How many ways $12$ persons may be divided into three groups of $4$ persons each?

We can also organize the count in a different way. First line up the people, say in alphabetical order, or in student number order, or by height.

The first person in the lineup chooses the $3$ people (from the remaining $11$) who will be on her team. Then the first person in the lineup who was not chosen chooses the $3$ people (from the remaining $7$) who will be on her team. The double-rejects make up the third team.

The first person to choose has $\binom{11}{3}$ choices. For every choice she makes, the second person to choose has $\binom{7}{3}$ choices, for a total of $$\binom{11}{3}\binom{7}{3}.$$

Remark: The lineup is a device to avoid multiple-counting the divisions into teams. The alternate (and structurally nicer) strategy is to do deliberate multiple counting, and take care of that at the end by a suitable division.

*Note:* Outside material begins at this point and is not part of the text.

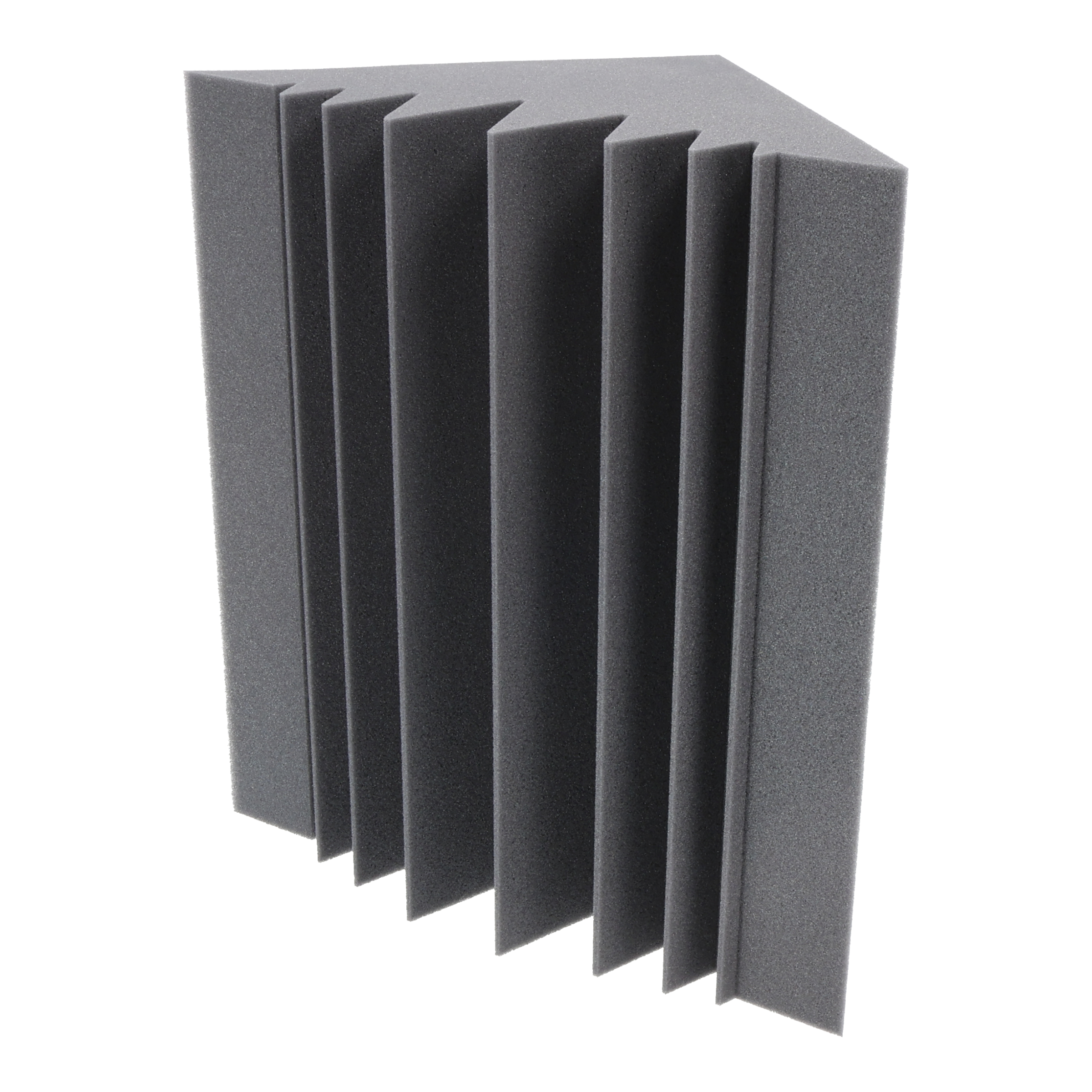 לוכד בס אקוסטי – Noiseflex PU 25 | מידה 550×360×360 מ"מ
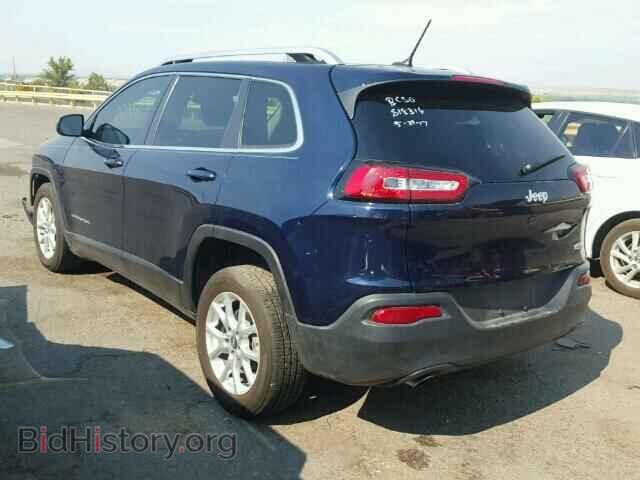 2015 JEEP CHEROKEE - VIN: 1C4PJLCB6FW721780 - Фото 3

The answer is $\frac{12!}{(4!)^3\cdot3!}=5775$ because the $3!$ different orders of the three groups do not matter either, so your solution was almost correct.

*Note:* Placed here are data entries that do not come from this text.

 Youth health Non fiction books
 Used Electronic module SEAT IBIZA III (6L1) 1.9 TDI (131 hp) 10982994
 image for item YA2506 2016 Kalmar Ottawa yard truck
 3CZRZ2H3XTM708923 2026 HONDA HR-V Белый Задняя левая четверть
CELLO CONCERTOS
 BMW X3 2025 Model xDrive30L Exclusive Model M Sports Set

From $12$ persons , $4$ persons can be chosen in $\binom{12}{4}$ ways. From rest $(12-4)=8 $ persons 4 persons can be chosen in $\binom{8}{4}$ ways.Remaining $4$ will form the third group.Thus $\binom{12}{4} \binom{8}{4}$ are the ways for form three groups of $4$ persons out of $12$ persons.But we have introduced order in group formation. Now three groups can be permuted $3!$ ways and they are all same.Hence correct number of ways $= \frac{\binom{12}{4} \binom{8}{4}}{3!}=5775 $